Background: Dendritic cells (DCs) play a critical role in anti-tumor immune response. However, tumor-induced immunosuppression promotes DC dysfunction and T cell exhaustion resulting in evasion of tumor immunity. In this study, we aimed to compare two approaches for engaging DCs and inducing an immune response to tumor antigens in the absence of tumor (melanoma)

Methods: This is a Phase II open-label, randomized, two-arm study to compare Arm A: Poly-ICLC-matured DC+PolyICLC to Arm B: Montanide ISA-51-VG+Poly-ICLC, as adjuvants for NY-ESO-1 and Melan-A/MART-1 long peptides in patients with melanoma in complete clinical remission but at high risk of disease recurrence (NCT02334735).
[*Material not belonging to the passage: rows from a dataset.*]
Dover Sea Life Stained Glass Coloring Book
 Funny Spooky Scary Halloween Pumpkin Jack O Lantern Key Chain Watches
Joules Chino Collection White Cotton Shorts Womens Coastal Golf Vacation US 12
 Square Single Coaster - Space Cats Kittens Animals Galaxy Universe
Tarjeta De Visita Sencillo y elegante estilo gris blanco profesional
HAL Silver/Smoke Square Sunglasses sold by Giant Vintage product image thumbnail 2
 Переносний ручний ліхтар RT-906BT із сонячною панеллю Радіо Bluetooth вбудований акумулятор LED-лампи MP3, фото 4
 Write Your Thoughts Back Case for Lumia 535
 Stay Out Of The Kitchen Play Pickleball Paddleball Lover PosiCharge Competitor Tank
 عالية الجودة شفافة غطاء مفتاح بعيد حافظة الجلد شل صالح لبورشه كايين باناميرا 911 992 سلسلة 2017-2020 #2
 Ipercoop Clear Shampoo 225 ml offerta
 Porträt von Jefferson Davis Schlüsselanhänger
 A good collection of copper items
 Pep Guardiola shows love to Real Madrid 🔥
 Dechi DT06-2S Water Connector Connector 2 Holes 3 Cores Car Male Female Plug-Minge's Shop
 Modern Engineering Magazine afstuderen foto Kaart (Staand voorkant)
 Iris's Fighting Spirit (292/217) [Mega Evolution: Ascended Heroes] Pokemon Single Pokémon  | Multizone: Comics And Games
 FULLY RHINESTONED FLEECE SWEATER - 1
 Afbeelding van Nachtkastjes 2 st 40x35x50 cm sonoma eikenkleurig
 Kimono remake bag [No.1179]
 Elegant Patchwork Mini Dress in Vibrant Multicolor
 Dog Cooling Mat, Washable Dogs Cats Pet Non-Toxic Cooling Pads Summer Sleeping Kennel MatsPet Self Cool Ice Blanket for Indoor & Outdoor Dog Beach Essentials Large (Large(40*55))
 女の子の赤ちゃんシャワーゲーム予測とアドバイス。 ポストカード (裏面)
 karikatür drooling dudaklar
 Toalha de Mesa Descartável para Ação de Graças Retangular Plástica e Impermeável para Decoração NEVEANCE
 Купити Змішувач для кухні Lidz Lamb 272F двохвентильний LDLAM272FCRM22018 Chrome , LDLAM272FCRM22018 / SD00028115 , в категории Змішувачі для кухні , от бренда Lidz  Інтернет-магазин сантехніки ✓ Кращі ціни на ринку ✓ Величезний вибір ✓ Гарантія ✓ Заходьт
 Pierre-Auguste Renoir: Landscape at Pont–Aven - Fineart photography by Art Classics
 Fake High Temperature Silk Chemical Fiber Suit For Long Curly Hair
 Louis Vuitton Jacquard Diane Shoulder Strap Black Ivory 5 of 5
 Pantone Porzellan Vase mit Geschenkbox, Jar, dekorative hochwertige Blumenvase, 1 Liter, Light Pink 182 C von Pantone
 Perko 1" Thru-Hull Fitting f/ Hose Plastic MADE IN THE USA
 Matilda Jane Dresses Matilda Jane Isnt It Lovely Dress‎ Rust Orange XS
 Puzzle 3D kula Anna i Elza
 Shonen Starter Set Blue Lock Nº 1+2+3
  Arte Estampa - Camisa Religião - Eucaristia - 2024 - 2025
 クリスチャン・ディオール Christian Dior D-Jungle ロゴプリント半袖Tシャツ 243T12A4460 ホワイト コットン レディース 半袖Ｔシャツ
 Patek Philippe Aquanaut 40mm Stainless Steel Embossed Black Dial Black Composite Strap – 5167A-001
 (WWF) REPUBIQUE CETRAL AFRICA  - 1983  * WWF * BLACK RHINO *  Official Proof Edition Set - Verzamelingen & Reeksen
Each arm also received helper peptide, keyhole limpet hemocyanin (KLH) with the first vaccine and Poly-ICLC on day 2 of each vaccine. 36 patients were consented and randomized. Of these, 31 subjects received treatment, 16 in Arm A and 15 in Arm B. Immunohistochemistry (IHC) was used to determine expression of NY-ESO-1 and Melan-A/MART-1 and to determine the immune infiltrate landscape in the primary tumors. Humoral responses, TCR clonality, and inflammatory pathways were assessed by ELISA, bulk TCR sequencing, and Olink, respectively. Functional T-cell responses were investigated ex-vivo by interferon (IFN)-g enzyme-linked immunospot assay (ELISPOT) and after expansion by intracellular cytokine staining.

Results: Arm B induced a stronger humoral response vs Arm A against both Melan-A/MART-1 and NY-ESO-1. A stronger ex vivo IFN-g response as well as expanded CD4+ T cell response against NY-ESO-1 was also induced in Arm B. However, the response to Melan-A/MART-1, as measured by ex vivo ELISPOT and expanded CD4+T cell assay, was comparable in both arms. Interestingly, while similar proportions of patients in each arm displayed a CD8+ T cell response to NYESO-1, more patients in Arm A vs Arm B responded with a CD8+ T cell response to Melan-A/MART-1 (9/16 responders in Arm A vs 4/14 in Arm B). Melan-A expression was observed in 81% of the patients but did not correlate with antigen specific immune response. TCR sequencing, Olink analysis and evaluation of NY-ESO-1 expression and immune infiltrates in the primary tumors is ongoing.

Conclusion: This trial reached the primary endpoint of safety and tolerability. Arm B induced a stronger antibody and CD4+ T cell response, especially to NY-ESO-1, whereas the Arm A vaccine appears to be more efficient at eliciting CD8+ T cell responses against MelanA/MART1. The seemingly enhanced CD8 T cell response in Arm A versus Arm B, could be attributed to frequency of specific HLA-I alleles in either arm or pre-existing immune response in select patients. A deeper investigation into correlation between HLA type and cellular immune response to vaccine is ongoing.

Citation Format: Mansi Saxena, Ashleih Burke, Anna Pavlick, Ana Blazquez, Gustavo Gimenez, Marcia Meseck, Michael Donovan, Denise Rodriguez, Mireia Castillo-Martin, Tin Htwe Thin, Rachel Sabado, John Mandeli, Sacha Gnjatic, Philip Friedlander, Nina Bhardwaj. Immunogenicity of Poly-ICLC matured dendritic cells as an adjuvant for NY-ESO-1 and Melan-A-MART-1 peptide vaccination compared to Montanide® ISA-51 VG, in study subjects with melanoma in complete clinical remission but at high risk of disease recurrence [abstract]. In: Proceedings of the American Association for Cancer Research Annual Meeting 2022; 2022 Apr 8-13. Philadelphia (PA): AACR; Cancer Res 2022;82(12_Suppl):Abstract nr CT108.